Отец Клод глотнул сладкое испанское вино, взглянул на меня поверх края своего бокала и сказал одно единственное слово:
— Ананке.
Ананке! Мои руки задрожали, и я чуть не выплеснул вино.
— Вы правы, отец, здесь действительно холодно. Я позабочусь об огне, — я подложил дров, раздул пламя, пока снова не овладел собой. Тогда я спросил его:
— Ананке, это по-гречески, не так ли? Что это значит?

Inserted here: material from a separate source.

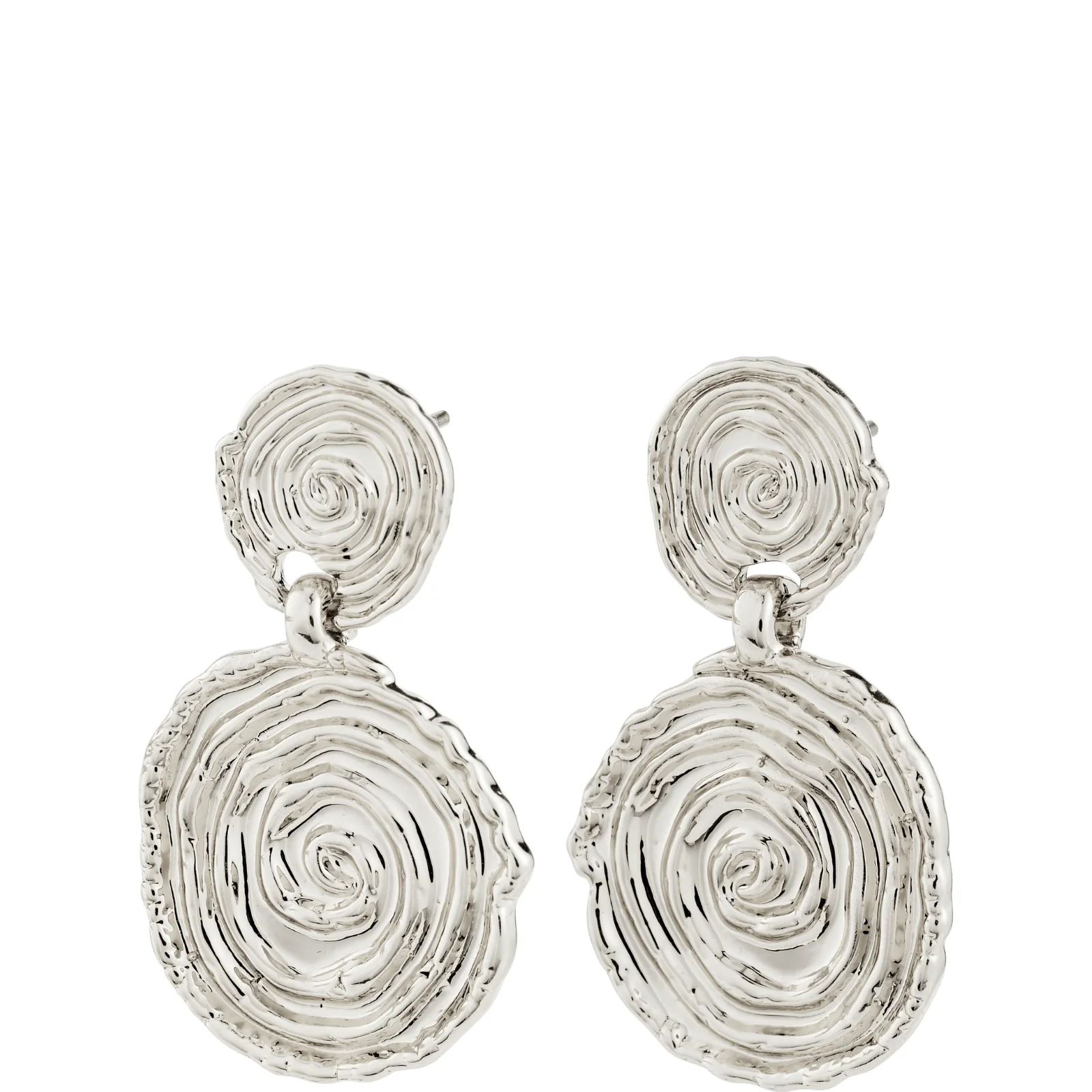 Pilgrim Air Silver Disc Drop Earrings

— Судьба, но еще и рок, фатум, принуждение, неизбежность. Единственное слово, которое включает в себя все, что определяет жизнь человека: борьбу против четырехкратного рока.
— Сразу четырехкратный?
— Четыре неизбежности сковывают человека, и все же три из них он преодолел сам, назовем их крайними неприятностями. Они нужны ему, чтобы жить вместе с другими людьми, чтобы не быть простой единичной песчинкой в потоке времени. В этом нуждается сам человек и его судьба. Я говорю о религии, о неизбежности догм, к которым склоняется человек, потому что он не может существовать без веры. Чтобы иметь возможность верить, он ограничивает свое собственное сознание. Тогда это общество, чьим законам принуждения подчиняется человек, потому что он в противном случае был бы животным — диким и беззащитным одновременно. И как догмы ограничивают его мышление, так ограничивают законы его чувства. Не стоит забывать природу, против которой он денно и нощно выступает в борьбе, вырубая деревья, вспахивая землю и пытаясь укротить необузданность моря на кораблях. Природа и стихии ограничивают его волю. В борьбе с этими тремя неизбежностями человек изнуряет себя, чтобы быть человеком. Разве это не смешно?
Когда Фролло задал этот вопрос, он казался совсем другим, нежели радостным — скорее, серьезным и чуть ли не отчаявшимся. Сперва он взглянул в свой бокал, словно истина действительно была в вине, потом перевел глаза на меня, но его взгляд прошел сквозь меня в безграничную даль — по ту сторону Нотр-Дама и Парижа.
С глубоким вздохом он продолжал:
— Высшая ананке внутри нас, в человеческом сердце. Все внешние принуждения человек может преодолеть, но к тому, что велит ему сердце, он привязан навеки, это может быть роковым, и человек может заглянуть в рок. Сердце, этот сырой комок мяса в нашей груди, правит нашей жизнью, как король Людовик Францией. Может ли человек быть благородным и чистым, если он руководствуется этим куском мяса, должен жить по ритму его стука? Не есть ли спасение из этого состояния высшим счастьем, необходимый шаг в небесное царство?